Funny really, Joe “Droopy Dog” Lieberman still is living back in 2004 when Michael Moore was a reliable foil to Republican crowds.
(Last night, during his primetime speech from the podium at the Republican National Convention, Senator Joe Lieberman made the following statement: “… if John McCain is just another partisan Republican, then I’m Michael Moore’s favorite Democrat. And I’m not. And I think you know that I’m not.“)
John McCain IS just another partisan Republican — so that must mean you ARE my favorite Democrat!
But how can you be my favorite Democrat when you are no longer a Democrat? This is very confusing. I was in the middle of taking out the garbage and, all of a sudden, there you were, trash-talking me in front of thousands of cheering (mostly) white people on TV.
What is it with you and your Republican friends always bringing me up? Can’t you stop thinking about me? It’s starting to sound like a fetish! Stop it! Four years ago at the last Republican Convention, John McCain, in his convention speech, also trashed me, calling me a “disingenuous filmmaker” because I called all of you out in “Fahrenheit 9/11.” The crowd at Madison Square Garden went berserk. McCain didn’t know I was sitting above him in the press box, and the crowd wouldn’t stop screaming at me, so I flashed them the “Big L” loser sign and, well, nine of New York’s finest had to help me get out of there alive.

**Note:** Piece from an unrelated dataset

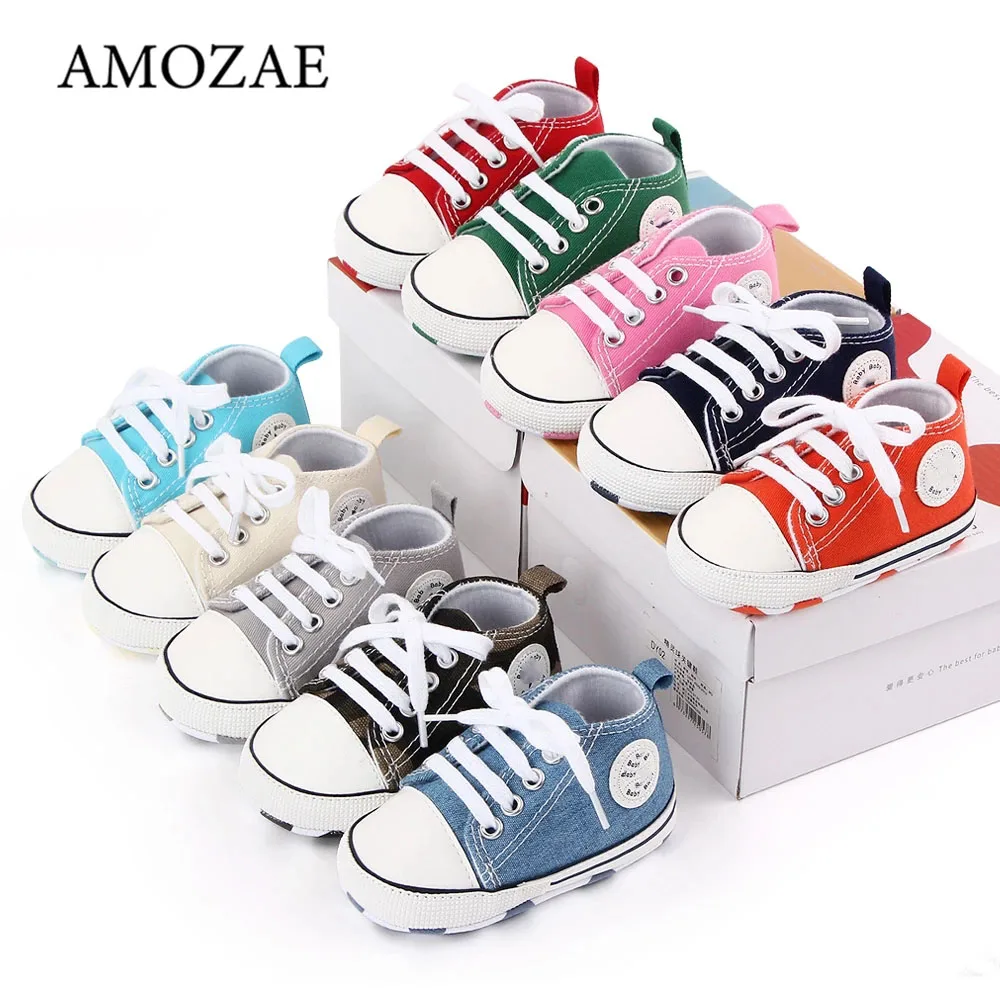 Новые Детские парусиновые кроссовки для новорожденных Спортивная обувь детей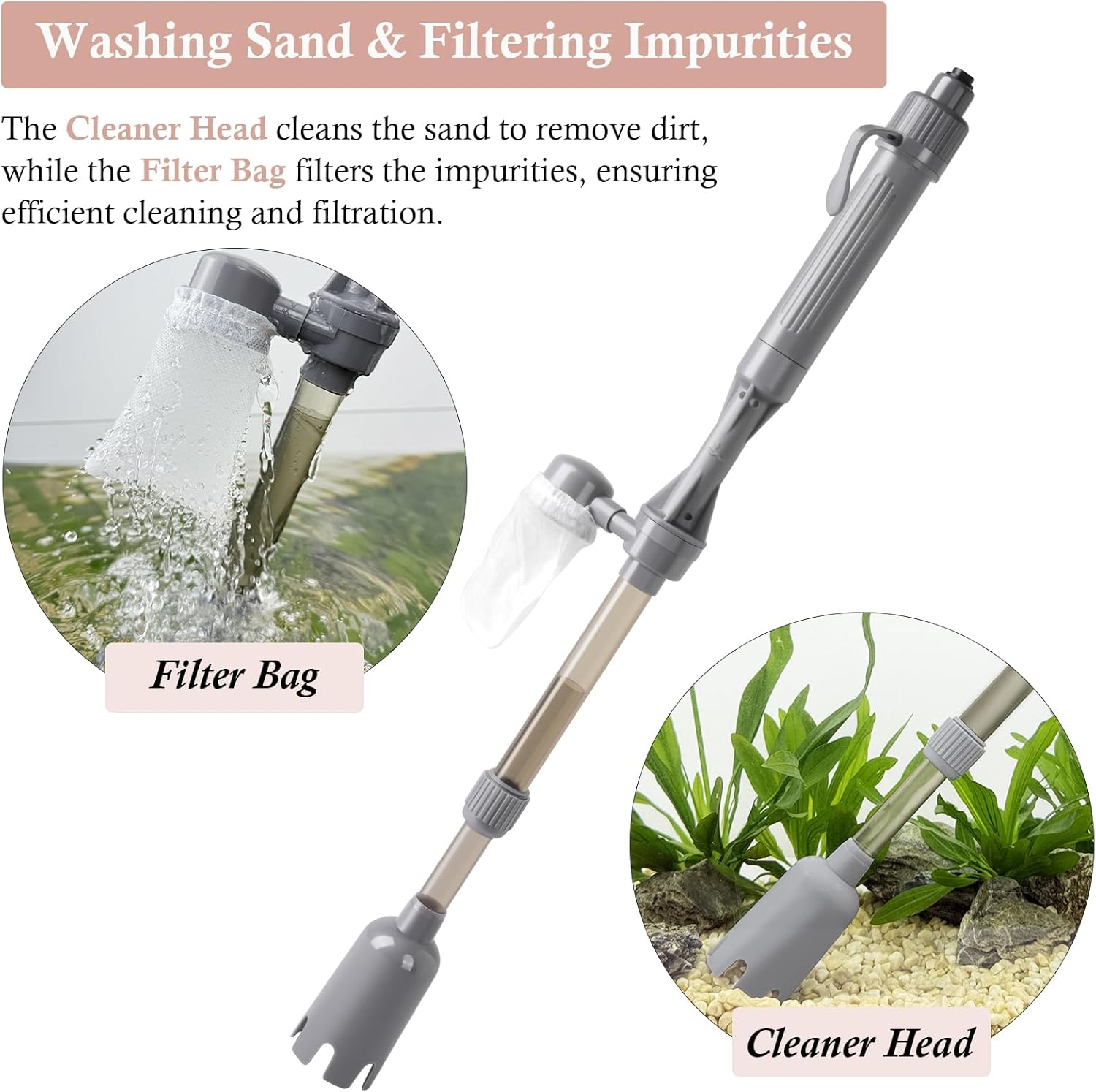 Dirvin Aquarium Vacuum Gravel Cleaner, Battery Fish Tank Water Changer, Removable Vacuum Sand Washer for Fish Tank Cleaning Water Changing Sand Washing, Suitable for Freshwater and Seawater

With all the problems facing the world, why is valuable time being wasted reviewing a movie and attacking a filmmaker? And now you, Joe, tonight. Do you think you’re energizing the “base” by attacking me? Better take a look at the scoreboard. While your side has spent years trying to make me the boogeyman, let’s see how it’s worked:
[From MichaelMoore.com : Michael Moore Responds to Joe Lieberman]
Lieberman slipped and called himself a Democrat a few times last night, but nobody believed Whiny Joe.
Mr. Moore continues:
Putting me in your convention speeches, attacking me nonstop on talk radio and Fox News — and thinking that this helps you — shows just how out of touch you all are.
Two-thirds of the country agree with my position on the war, two-thirds of the country agree with my position on a single-payer universal health care system, two-thirds believe in some form of gun control — name the documentary, pick the issue, and the American public agrees with Michael Moore. So get over me, will ya? You’re only hurting yourself. And I’ve got to finish taking out the garbage.
“… if John McCain is just another partisan Republican, then I’m Michael Moore’s favorite Democrat. And I’m not. And I think you know that I’m not.” Now click your heels together and say, “There’s no place like home on the Republican minority side of the aisle.”